Stocking the trophy cabinet

Britain’s rich store of status symbols is a key driver of foreign investment

Columns

This article is taken from the August-September 2023 issue of The Critic. To get the full magazine why not subscribe? Right now we’re offering five issues for just £10.


Far from being playthings of the rich, what are often disapprovingly called trophy assets are an important part of a country’s investment attractiveness. Most countries have some and Britain has more than most. To have these shiny baubles for sale, attracting foreign money in serious measure, is a potent aspect of success. 

When the term is used one often thinks of real estate. London, as an international rather than English city, is effectively the only UK destination for foreign money seeking a home in such assets.

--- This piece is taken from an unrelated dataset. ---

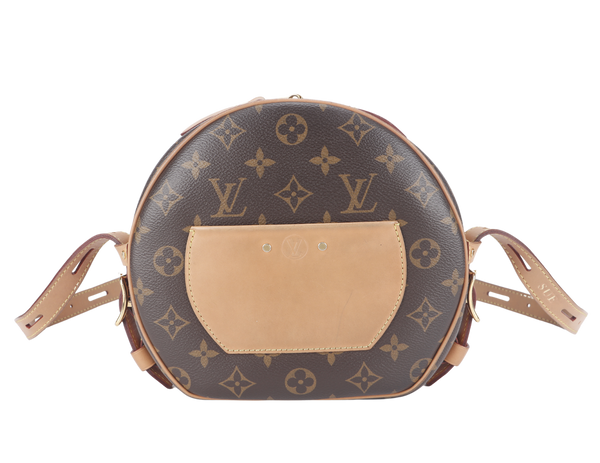 LOUIS VUITTON BOITE CHAPEAU SOUPLE MM BROWN MONOGRAM CANVAS GOLD HARDWARE WITH DUST COVER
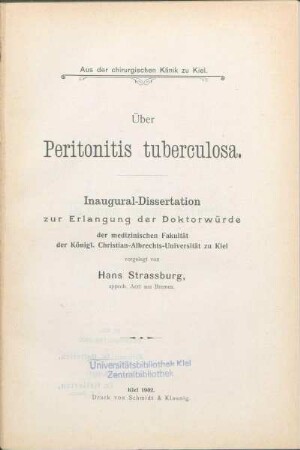 Über Peritonitis tuberculosa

We are comfortably ahead of the capitals and cultured centres of Europe. Delightful as Paris, Rome and Vienna are, they are not serious places for finance or growing businesses, merely Disneylands for adults. 

Everyone from the Vatican to oligarchs, with every type of Arab and Asian between, has been attracted by the stability, rule of law and optimal time zone, and bought assets in London. That has remained so despite the benefits being mitigated by relatively high taxation and transaction costs, indifferent weather and left wingers sniping about where they would prefer other peoples’ money is spent. There is some dirty money coming here to be washed and made respectable by London’s service providers, but closing those opportunities should not diminish the attractiveness of our trophy assets because the underpinning characteristics remain. 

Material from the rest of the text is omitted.